Image: A boy examines a plant under a magnifying glass.

I want to talk about truth. ("Oh boy, here he goes . . . ")

You might be inclined to think the definition of truth is pretty well settled. A lot of people believe that, and for a lot of those people, there's no need to even talk about what truth is. So I'm not writing this for those people. They have their minds made up, regardless of the truth. Isn't that funny?

If you never have, you should google 'what is truth' or 'define truth' and just peruse what comes back. It's pretty interesting how so many people have worked so hard to improve a way to describe truth. That says something about the difficulty of the exercise.

I've had my own struggles with the term. For most of my life the definition of truth was one I simply accepted, one that had been handed to me and presented as a complete and satisfactory explanation of the reality of truth. But as I grew, as my perspective developed, the stock answer I was raised on became less and less satisfying. There were holes in the fabric. There were failures in the coverage.

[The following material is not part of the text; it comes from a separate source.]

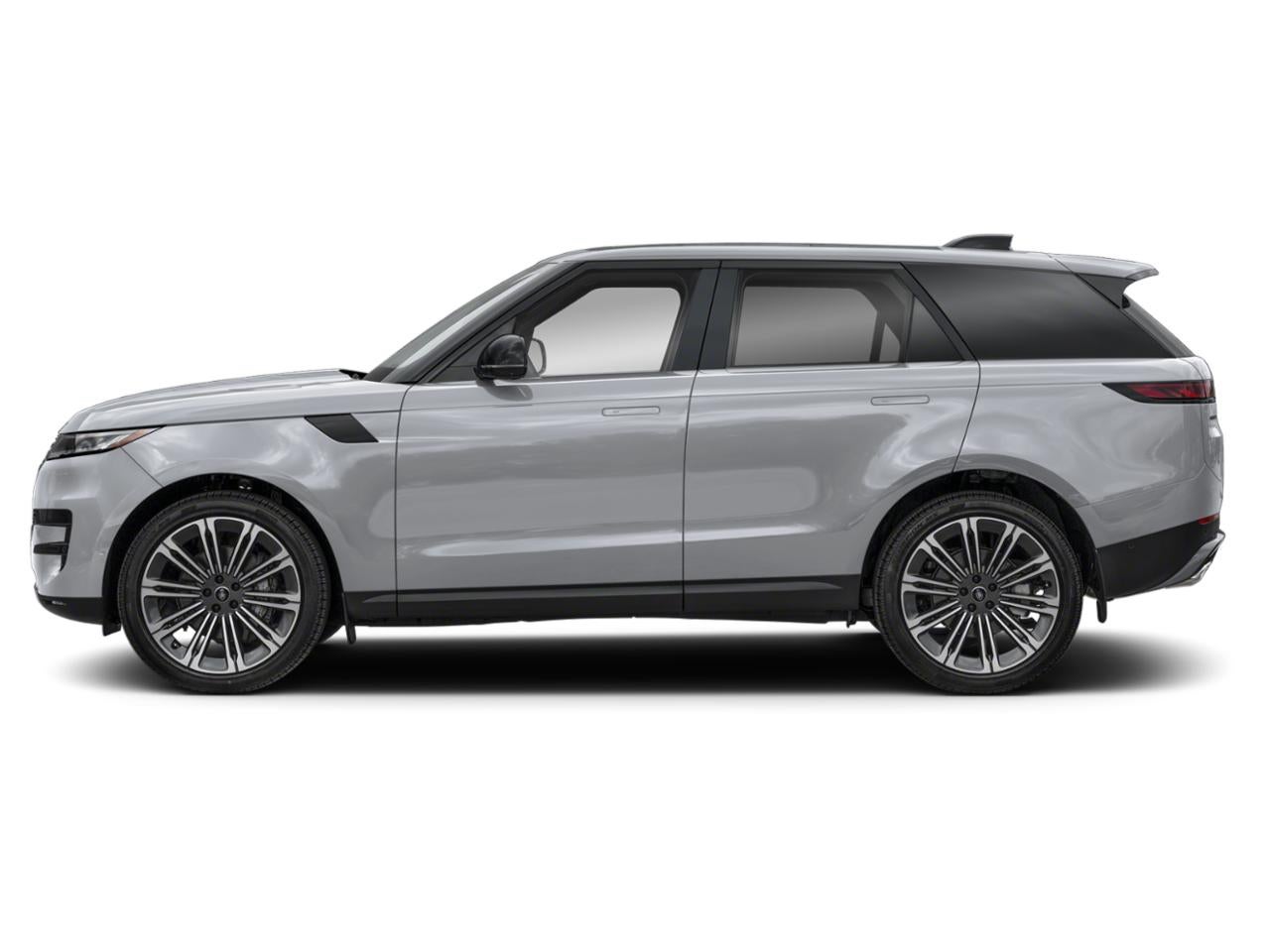2024 Land Rover Range Rover Sport P360 SE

After literally decades of examination of the idea of truth, I finally was able to rest on a phrase that, for me, got to the core of the issue. That phrase is this: "Truth is self-evident." It is Self Evident.

I spent a lot of my life learning how to defend one perspective of 'truth'. I studied in a field that involved a discipline known as 'apologetics', which is the defense of religious doctrine by systematic argumentation. It comes from a Greek word for, "speaking in defense." I found this to be an interesting inconsistency. If something was true, it would be universally true. Anything that is less than universally true is known as 'subjective', which doesn't really work. A thing that is subjective may be described as 'true' for one person, but 'false' for another. In my mind, using the term 'true' for such a thing is an incorrect application of the term. There are many other good terms one can use to describe something that is subjectively 'true' like 'opinion' or 'belief' or 'theory' or 'supposition'.

Truth is self-evident. It requires no explanation, no defense. It only requires perception and honesty. It is what it is, and it is not anything else. It will be true to itself for everyone who experiences it.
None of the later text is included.